There’s a moment on the DVD released with the 10th anniversary reissue of the Manic Street Preachers’ Everything Must Go, album where frontman James Dean Bradfield is caught in silhouette wandering around a nearly empty and quite cavernous Nynex arena one afternoon in May 1997. He’s accompanied by the usual call-and-return of a road crew soundchecking, the clack and thrum of flight cases being wheeled through the expansive venue, a bass drum being kicked into life... It’s a moment shortly before the Manic Street Preachers’ then biggest headlining show to date: a 17,000-seater sell-out that had people camping outside the Manchester venue’s doors through the night. As much as you can elicit from Bradfield’s body language – hands in pockets, head down – he looks more like a young boy looking for a stone to kick than the lead singer with a band finally rising at an accelerating commercial rate.

The clip cuts to an ill-at-ease-looking band sitting around on rickety chairs, being interviewed about a year of triumphs crystallised by the mammoth Nynex gig. Drummer Sean Moore is nonchalance personified, bassist Nicky Wire recalls past glories and then is lost in the moment of reverie. Bradfield admits to getting very drunk that night and not much more. Wire baits him a little about his inability to celebrate their successes, then they have what can only be described as a bit of an argument.
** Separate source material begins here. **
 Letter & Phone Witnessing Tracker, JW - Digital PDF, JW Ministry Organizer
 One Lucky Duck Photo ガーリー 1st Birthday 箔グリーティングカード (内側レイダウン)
It seems an odd [yet inordinately Manic] way to express their feelings for the culmination of what really was a very good year.

“I think James gets more pleasure from when he’s smoking and drinking and making music than those sort of things,” says Nicky Wire today, stretching out on the sofa in the band’s management office in west London. “We won two Brits and six NME awards, and James threw one of them back at Mark and Lard [in his defence, it was for Best Song With Kevin In The Title]; he almost brained them...”

He rubs his jaw gingerly, tentatively checking recent root canal work. “It was much the same when we got our first No.1 single with If You Tolerate This Your Children Will Be Next. The label had organised this huge party with champagne, and James staggered down into the hotel and all he wanted was Ribena – that’s his hangover drink – and for someone to get him a pastie.”

Up from the ashes, the Mancis backstage at the Phoenix Festival in 1996 (Photo: Getty Images) A week earlier in a rehearsal studio near King’s Cross, and James drinks steadily from a corrugated cup of coffee; not a pastie or carton of Ribena in sight, so it’s no surprise that he’s alert. On the table between us are copies of the Manics’ Greatest Hits CD and The Clash’s London Calling. It’s a few days before the final leg of his tour to support his solo album The Great Western, and both bands’ songs will appear in his live set.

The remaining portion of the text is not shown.